I won't recount the plot here (if plot is even the right word...meandering at times, achingly slow and then devastatingly wicked at others); there's entirely too much going on. Most of the chapters are Tyrion's, Jon's, and Dany's points of view, but others surface as well, including Theon, Davos, Jaime, Cersei, and Arya. There were a couple of POVs I must admit to being puzzled by, but I have to hope that ultimately Martin will bring them to a satisfying intricacy with the main characters. Would I have loved to know what Brienne and Sansa were up to? Sure, but it's all right. We're moving along, however slowly, and lots of Tyrion is always worth it.

Biggest complaints? Well, the pacing is off in the first two hundred pages or so, with way too much detail given to traveling woes and feasting items. In any other series, these would be deal breakers. Do I think Martin's editor was snoozing? Probably. Just because you are uber successful doesn't mean you should be allowed to enumerate every food on a table. My other big, huge complaint is that it had been so long since I'd read A Feast For Crows, I was LOST for a hundred pages. That's my own fault for not rereading, but I also lay some blame on Martin, since five years between books is inexcusable.

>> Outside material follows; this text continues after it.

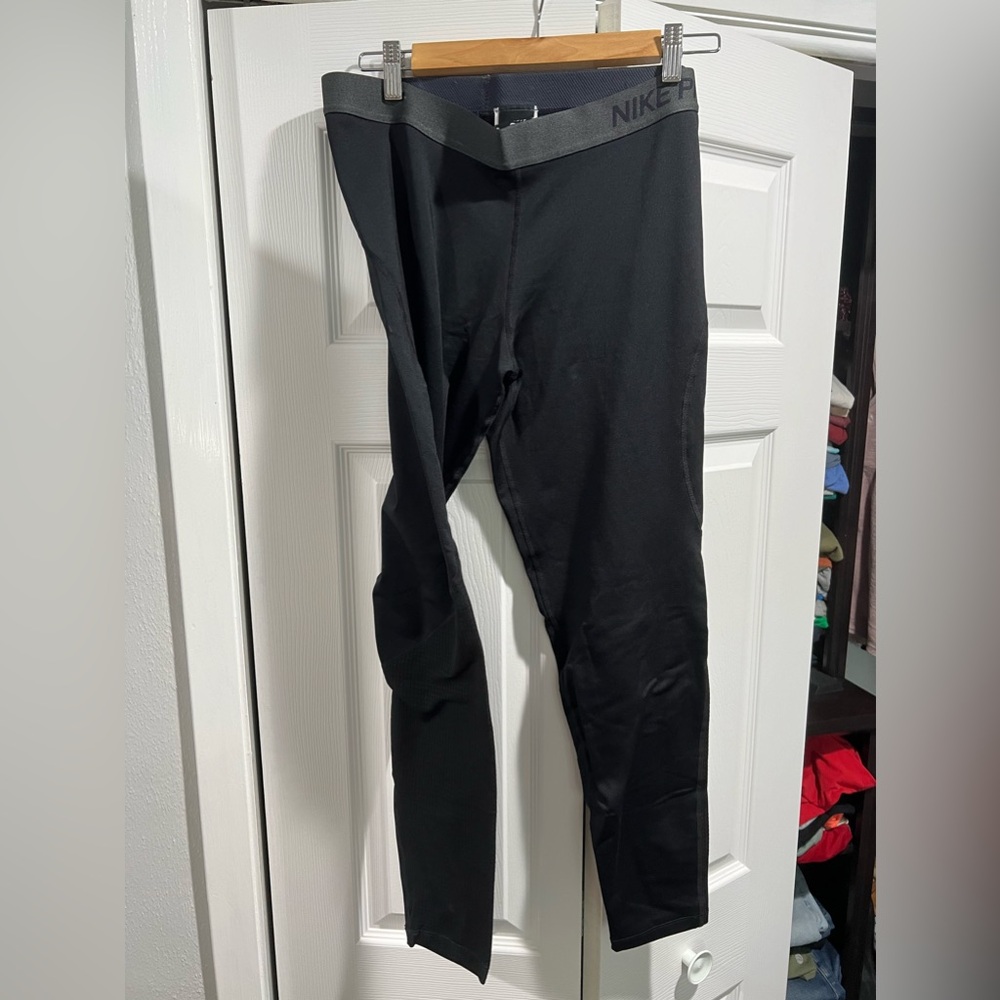 Nike leggings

What I liked? Lots of things.The dialogue is perfect and the intrigue is thick. We got vintage Martin with double crosses, lots of gore, and set ups galore. Loved, loved, loved Theon's comeuppance and what he does later in the novel; loved Barristan Selmy's honor; loved the twist with Rhaegar's son. I found what happened with Dany and her dragons distasteful, yet entirely plausible; I know that the bloodletting has only barely begun after Cersei's humiliation. And poor Jon Snow...always trying to do the right thing, but it's usually at the wrong time and with the wrong people. Martin's world is convoluted, overblown, and nasty, much like the world we live in today. His writing, however, while needing editing, still draws one in and builds suspense, causing me to continue turning pages and luxuriating within the boundaries of the Seven Kingdoms and Beyond. Personally, I'm invested for the long haul, even if A Dance With Dragons pales when compared to A Storm of Swords. It's not the comparison I try to keep in mind, it's the journey.